To every season in life there is bound to be it's share of up's and down's.
Now we all pretend that life is hunky dory 24/7, but let's face it people, our lives are not perfect.
Over the past couple months I've felt like a seabird diving for it's dinner... up and down, up and down.
Life has been great, but there was aspects, like this blog, I wasn't totally happy with. After traveling to Alt Design Summit, I had hoped that I'd come home rejuvenated and ready to dive back into it; but instead it made me reconsider why I was even writing this blog. Gathering so many inspiring tid-bits for work, my passion was ignited to start reworking our Gazelle Girl Blog, to collaborate with vendors, and help our stores make our women's apparel top of the line... but the fire died once I thought about my own personal blog.

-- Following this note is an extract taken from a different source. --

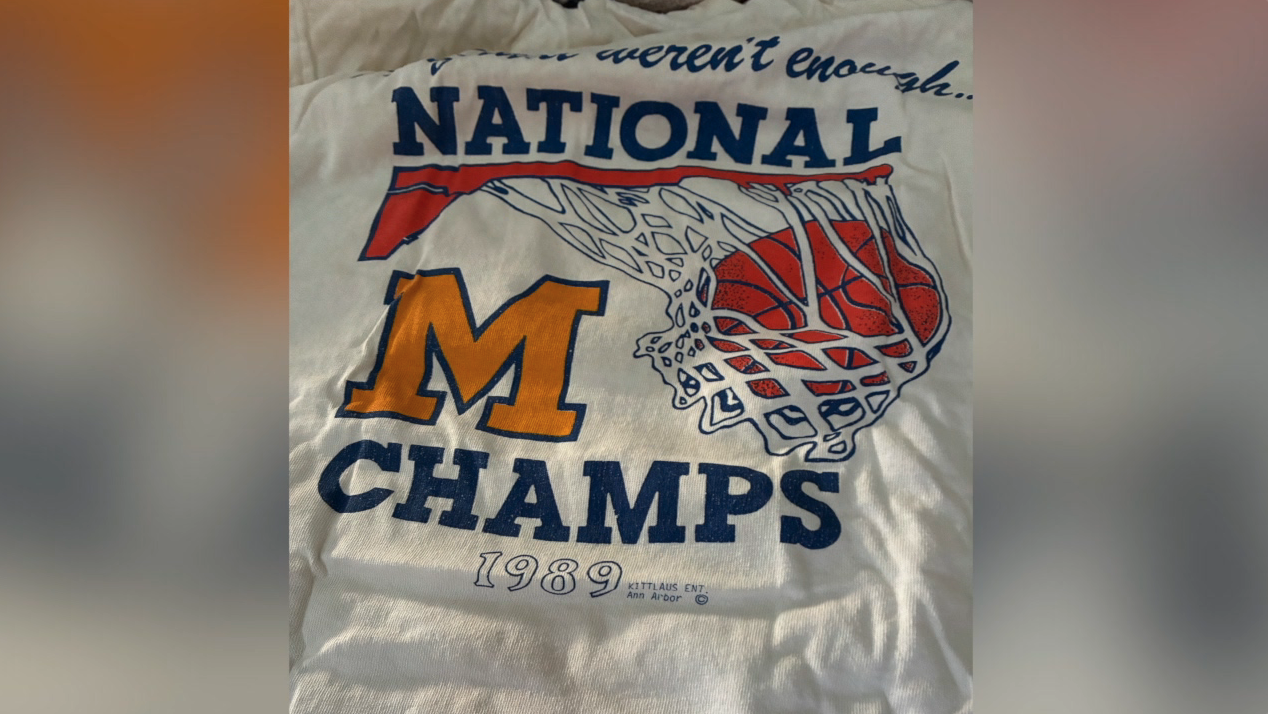 Screenshot 2026-04-07 at 11.40.36 PM.png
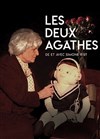 Les deux Agathes -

After taking some time and delving into these thoughts, I realized that I didn't want to be the typical blogger at Alt. Don't get me wrong, there are many beautiful and talented bloggers there, bloggers who I envy and draw so much insight from... but I don't want to be them. Their blog is their life, their career, their everything. My blog is my passion, but it's not my career and never will be. For some time I had been comparing myself to all these other blogs and trying to put myself in the same boat. Once I began stressing over how much time I had to get my two posts a week done, that's when I knew something was wrong. I was pushing the inspiration, digging at the bottom of an empty bucket, instead of letting it come to me like it used too.

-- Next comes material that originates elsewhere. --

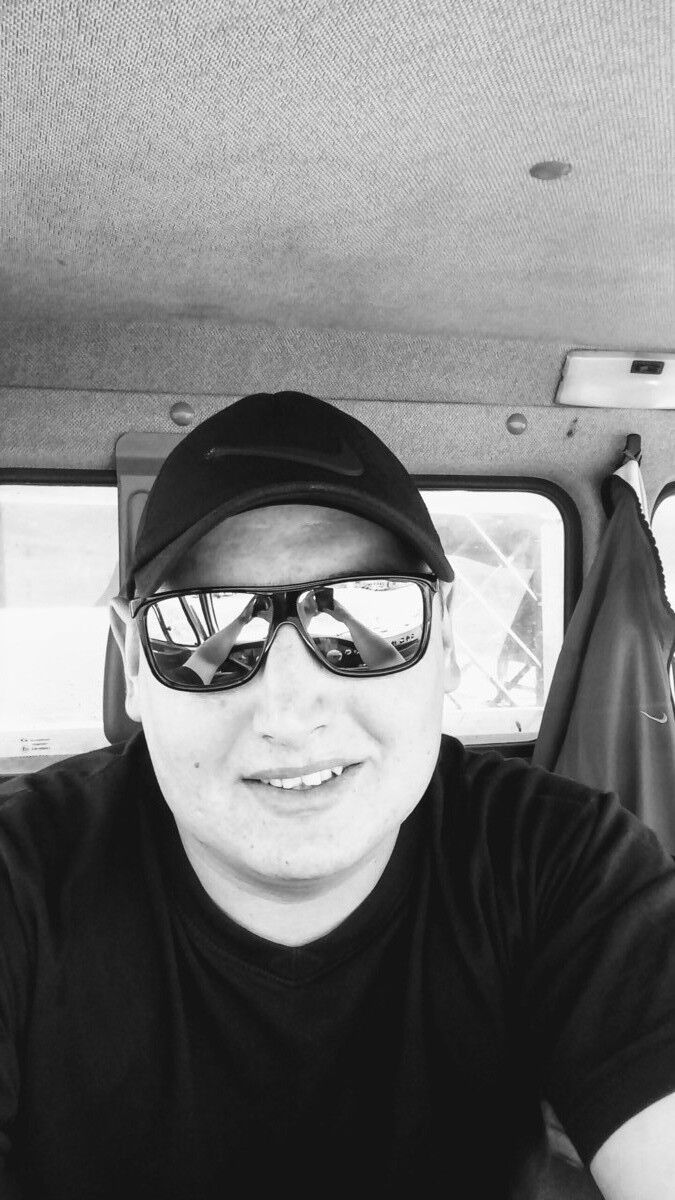  15355417  Bogdan, 31 ,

I didn't want to be that wife who sat on the computer every night, begging Pinterest to reveal some hidden trend, spending hours attempting to figure Photoshop out, or oogling over all the blogs I had just read on Bloglovin. Like a good vitamin, I wanted my blog to supplement my life, not the other way around. So this last week I've decided it's time to regain the passion and keep it. My blog might not really change, but my outlook and time devoted to it will. I want the drive to be behind this blog, not a nagging feeling. Keeping the passion alive for the loves in my life, my goals, my hobbies, my health, and my spirit is my top priority... and taking a step back I realized that I want to do a better job at this.
It is because of dedication, ambition, inspiration, and love for all things in life that we have such a passionate drive...let's motivate each other to hold on as tightly as possible and ignite that passion. So will you join with me in keeping that passion alive? In your daily life and via your blog? I hope so, because I think everyone needs a little push, affirmation, and hug to keep that fire.